I have used the ROCR package for my master thesis in 2009 for creating ROC curves to visualize my classifiers. * Oh, the Memories *

Pingback: Adding Cost Functions to ROCR performance objects | A HopStat and Jump Away

Pingback: Condensed News | Data Analytics & R

Thanks for the tutorial on ROC as well as ROCR. And I thought it would be a shame to let it go to waste as orphaned so decided to be a package maintainer for it. It is no longer orphaned as of now.

anyone know how to use the label.ordering call in pred()? Have read the help function and tried multiple ways of changing it, but nothing works.

My ROC-curve is inverted and haven’t been able to redefine the labels using label.ordering.

Thanks.

O.

You can put your labels in as a factor, with factor(labels, levels = your_inverted_levels) so that it is correct.

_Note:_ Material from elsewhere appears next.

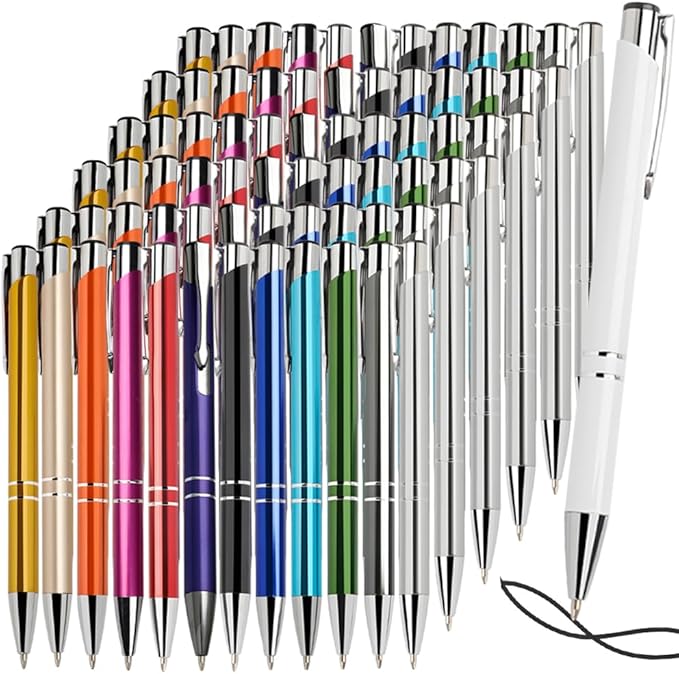 Yucold Customized ballpoint pens in bulk, personalized ballpoint pens with free engraving, for use in companies, enterprises, graduation anniversaries (Purple,78)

Thanks, but that doesn’t work.

I’ve tried the following (say you want b>a, instead of a>b in a data.frame called df)

pred <- prediction(df$label, df$predictor, label.ordering = factor(df$label, levels=c("b","a")))

Error in prediction(df$label, df$predictor, label.ordering = factor(df$label… : Format of predictions is invalid.

I also tried this:

labels = factor(df$label, levels=c("b","a"))

pred <- prediction(labels, predictor)

Error in prediction(labels, predictor) : Format of predictions is invalid.

And I've tried this

df$label sessionInfo()

R version 3.1.2 (2014-10-31)

Platform: x86_64-apple-darwin10.8.0 (64-bit)

locale:

[1] en_US.UTF-8/en_US.UTF-8/en_US.UTF-8/C/en_US.UTF-8/en_US.UTF-8

attached base packages:

[1] stats graphics grDevices utils datasets methods base

other attached packages:

[1] ROCR_1.0-7 reshape2_1.4.1 pheatmap_1.0.2 RColorBrewer_1.1-2 Heatplus_2.12.0

[6] gplots_2.16.0 ggplot2_1.0.1 dplyr_0.4.1 plyr_1.8.1

Sorry seems to have deleted a part of my post,

what I also tried was this:

df$label <- relevel(as.factor(df$label), ref="b")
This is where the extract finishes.